** Opening Stored data block **
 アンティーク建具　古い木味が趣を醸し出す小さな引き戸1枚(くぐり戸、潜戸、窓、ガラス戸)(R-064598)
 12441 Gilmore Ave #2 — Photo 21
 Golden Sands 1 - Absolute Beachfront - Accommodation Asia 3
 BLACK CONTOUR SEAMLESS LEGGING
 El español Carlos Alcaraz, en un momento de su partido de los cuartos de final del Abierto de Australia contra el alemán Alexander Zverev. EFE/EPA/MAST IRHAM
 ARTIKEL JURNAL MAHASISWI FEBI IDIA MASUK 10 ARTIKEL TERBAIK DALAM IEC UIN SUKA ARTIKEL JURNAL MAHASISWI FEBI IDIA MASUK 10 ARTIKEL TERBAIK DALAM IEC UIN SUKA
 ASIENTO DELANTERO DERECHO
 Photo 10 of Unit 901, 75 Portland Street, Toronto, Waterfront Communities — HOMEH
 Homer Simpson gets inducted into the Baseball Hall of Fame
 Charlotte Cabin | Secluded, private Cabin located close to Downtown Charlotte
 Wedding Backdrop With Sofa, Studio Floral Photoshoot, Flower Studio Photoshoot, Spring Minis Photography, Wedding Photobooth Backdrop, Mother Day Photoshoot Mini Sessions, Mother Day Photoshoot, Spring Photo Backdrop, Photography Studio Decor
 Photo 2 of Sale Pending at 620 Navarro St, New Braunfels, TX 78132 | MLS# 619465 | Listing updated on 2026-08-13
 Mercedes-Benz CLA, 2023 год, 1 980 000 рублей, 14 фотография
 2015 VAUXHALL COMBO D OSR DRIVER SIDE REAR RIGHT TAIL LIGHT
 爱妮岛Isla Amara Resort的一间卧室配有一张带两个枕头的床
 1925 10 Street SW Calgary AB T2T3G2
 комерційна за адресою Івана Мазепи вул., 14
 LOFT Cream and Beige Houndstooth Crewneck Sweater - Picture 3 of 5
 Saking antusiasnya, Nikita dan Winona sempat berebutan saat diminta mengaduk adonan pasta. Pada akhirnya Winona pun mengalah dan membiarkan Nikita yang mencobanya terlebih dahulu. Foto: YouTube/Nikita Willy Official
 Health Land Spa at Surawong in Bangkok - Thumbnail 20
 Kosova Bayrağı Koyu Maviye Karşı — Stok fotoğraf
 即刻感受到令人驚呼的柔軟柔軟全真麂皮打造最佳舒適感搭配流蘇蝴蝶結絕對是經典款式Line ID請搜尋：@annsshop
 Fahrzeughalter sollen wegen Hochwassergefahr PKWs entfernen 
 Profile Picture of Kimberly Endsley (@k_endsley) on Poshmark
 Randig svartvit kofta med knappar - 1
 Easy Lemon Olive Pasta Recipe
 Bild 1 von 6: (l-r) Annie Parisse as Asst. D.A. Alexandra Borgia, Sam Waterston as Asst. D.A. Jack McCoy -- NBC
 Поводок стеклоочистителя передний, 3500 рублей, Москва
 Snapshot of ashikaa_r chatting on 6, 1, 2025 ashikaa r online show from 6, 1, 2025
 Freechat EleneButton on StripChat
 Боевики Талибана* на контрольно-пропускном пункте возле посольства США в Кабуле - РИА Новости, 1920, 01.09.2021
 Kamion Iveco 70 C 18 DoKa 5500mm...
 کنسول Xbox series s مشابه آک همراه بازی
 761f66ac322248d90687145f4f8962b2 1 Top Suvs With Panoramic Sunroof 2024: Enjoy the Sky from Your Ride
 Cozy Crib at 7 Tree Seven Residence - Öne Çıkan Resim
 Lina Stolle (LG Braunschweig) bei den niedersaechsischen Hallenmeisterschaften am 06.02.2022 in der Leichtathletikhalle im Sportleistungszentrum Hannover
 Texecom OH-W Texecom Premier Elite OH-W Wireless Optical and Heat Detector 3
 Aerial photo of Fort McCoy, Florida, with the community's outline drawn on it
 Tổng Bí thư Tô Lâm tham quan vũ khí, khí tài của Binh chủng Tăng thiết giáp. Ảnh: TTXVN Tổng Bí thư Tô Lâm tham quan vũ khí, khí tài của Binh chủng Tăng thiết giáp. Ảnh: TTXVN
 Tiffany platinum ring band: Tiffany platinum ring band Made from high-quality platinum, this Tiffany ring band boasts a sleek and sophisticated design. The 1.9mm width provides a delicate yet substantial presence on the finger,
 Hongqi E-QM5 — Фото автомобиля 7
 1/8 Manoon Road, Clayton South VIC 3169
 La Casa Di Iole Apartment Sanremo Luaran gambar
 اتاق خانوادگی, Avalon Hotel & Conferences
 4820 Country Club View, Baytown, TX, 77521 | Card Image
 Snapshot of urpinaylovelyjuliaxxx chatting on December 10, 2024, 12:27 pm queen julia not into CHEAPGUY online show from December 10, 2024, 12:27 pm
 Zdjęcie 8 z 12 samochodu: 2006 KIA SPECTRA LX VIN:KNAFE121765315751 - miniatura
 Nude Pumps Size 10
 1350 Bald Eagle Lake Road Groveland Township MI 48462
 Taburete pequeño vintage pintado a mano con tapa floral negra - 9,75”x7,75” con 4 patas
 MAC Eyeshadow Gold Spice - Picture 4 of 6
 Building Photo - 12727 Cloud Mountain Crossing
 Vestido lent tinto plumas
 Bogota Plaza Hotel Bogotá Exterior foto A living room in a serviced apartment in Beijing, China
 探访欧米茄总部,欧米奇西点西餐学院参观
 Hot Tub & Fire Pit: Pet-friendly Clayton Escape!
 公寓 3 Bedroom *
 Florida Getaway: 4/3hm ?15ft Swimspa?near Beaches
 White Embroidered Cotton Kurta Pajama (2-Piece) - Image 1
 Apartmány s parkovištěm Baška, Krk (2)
** Closing Stored data block **
About this exercise
Stop at the line containing "BLACK CONTOUR SEAMLESS LEGGING". Please print exactly every line before it from the start of the records, plus that line itself, and nothing else.

Exercise response
 アンティーク建具　古い木味が趣を醸し出す小さな引き戸1枚(くぐり戸、潜戸、窓、ガラス戸)(R-064598)
 12441 Gilmore Ave #2 — Photo 21
 Golden Sands 1 - Absolute Beachfront - Accommodation Asia 3
 BLACK CONTOUR SEAMLESS LEGGING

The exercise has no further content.